Single Variable Histogram
First, we will need to import the necessary libraries and generate some data.
import pandas as pd
import matplotlib.pyplot as plt
import numpy as np
# Generating a DataFrame with 1000 random values
np.random.seed(0) # To maintain consistency in generated values
df = pd.DataFrame({'Value':np.random.normal(10, 2, 1000)})
We have a DataFrame df
with 1000 observations drawn from a normal distribution with a mean of 10 and a standard deviation of 2. Now, we'll plot a histogram using the hist()
method:
df['Value'].hist(edgecolor='black')
plt.title('Histogram of Values')
plt.xlabel('Value')
plt.ylabel('Frequency')
plt.show()
Multiple Variable Histogram
For multiple variables, let's add another column to our DataFrame.

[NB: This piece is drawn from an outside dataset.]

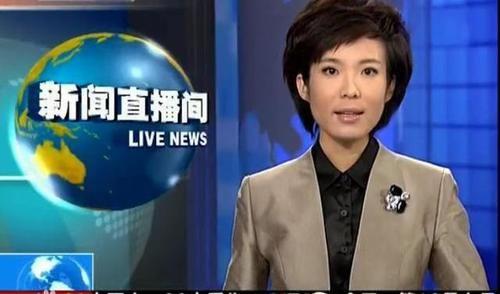 宝晓峰个人简历（晓峰43岁仍单身：不想过早嫁人） 第5张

df['Value_2'] = np.random.normal(15, 3, 1000)
Here, we've created a new column Value_2
with 1000 observations drawn from a normal distribution with a mean of 15 and a standard deviation of 3. Let's plot histograms for both variables:
df[['Value', 'Value_2']].plot(kind='hist', rwidth=0.8, alpha=0.5, bins=30)
plt.title('Histogram of Values')
plt.xlabel('Value')
plt.ylabel('Frequency')
plt.show()
This code will generate overlaid histograms for Value
and Value_2
. The alpha
parameter controls the transparency of the colors, making it possible to see overlapping areas.
Changing Bin Size
The bins
argument in the hist()
function determines the number of equally spaced bins in the range. Let's change the bin size to 20:
df['Value'].hist(bins=20, edgecolor='black')
plt.title('Histogram of Values with 20 Bins')
plt.xlabel('Value')
plt.ylabel('Frequency')
plt.show()
Adding Titles and Labels
Adding titles and labels is done using plt.title()
, plt.xlabel()
, and plt.ylabel()
. We've already been using these functions above.
Changing Color and Style
You can change the color of the histogram using the color
parameter, and also add a grid using plt.grid()
:
df['Value'].hist(bins=20, color='green', edgecolor='black')
plt.title('Green Histogram of Values with 20 Bins')
plt.xlabel('Value')
plt.ylabel('Frequency')
plt.grid(True)
plt.show()
This code changes the color of the histogram to green and adds a grid for easier visibility. You can choose other colors and styles as per your preferences.